Slashdot Mirror


New 25x Data Compression?

modapi writes "StorageMojo is reporting that a company at Storage Networking World in San Diego has made a startling claim of 25x data compression for digital data storage. A combination of de-duplication and calculating and storing only the changes between similar byte streams is apparently the key. Imagine storing a terabyte of data on a single disk, and it all runs on Linux." Obviously nothing concrete or released yet so take with the requisite grain of salt.

7 of 438 comments (clear)

  1. What kind of data? by Short+Circuit · · Score: 4, Insightful

    I can create a compression algorithm that compresses my 2GB of data to 1 bit. But it would be crap for any other datastream fed to it.
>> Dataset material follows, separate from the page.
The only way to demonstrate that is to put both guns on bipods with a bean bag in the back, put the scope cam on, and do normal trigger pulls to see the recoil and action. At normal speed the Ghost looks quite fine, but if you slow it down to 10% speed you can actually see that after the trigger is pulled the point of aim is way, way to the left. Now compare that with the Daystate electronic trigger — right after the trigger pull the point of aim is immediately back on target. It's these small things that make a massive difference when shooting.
    1. Re:What kind of data? by ivan256 · · Score: 5, Insightful

      The article says:

      it can compress anything: email, databases, archives, mp3's, encrypted data or whatever weird data format your favorite program uses.

      In other words, they're full of crap.
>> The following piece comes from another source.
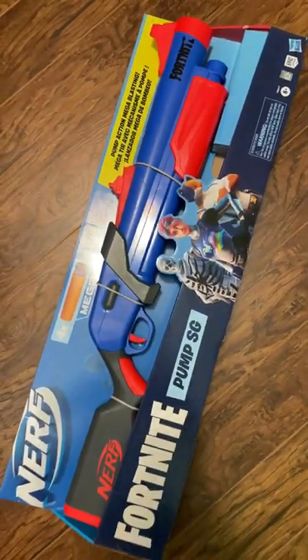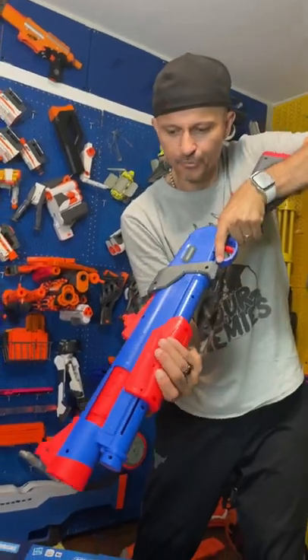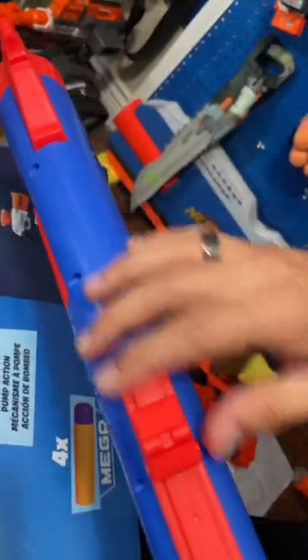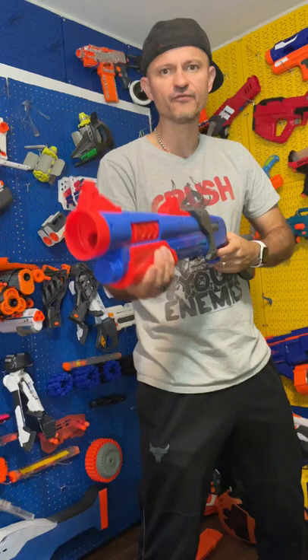NERF Fortnite pump-action shotgun. It features a breech load right over here, trigger up top. Looks like a basic shotgun — no tactical rails, no stock. Let's see how it fires.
    2. Re:What kind of data? by slimey_limey · · Score: 4, Insightful

      So it can compress its own output? Sweet....

    3. Re:What kind of data? by devjoe · · Score: 5, Insightful

      Well, there's an idea here that might hold some truth. Note that they are marketing it to data centers, people with LOTS and LOTS of files. Because people tend to have multiple copies of the same files, they can achieve great compression by eliminating the duplicate copies in the archive -- or likewise, any files with large sections that are the same among various files.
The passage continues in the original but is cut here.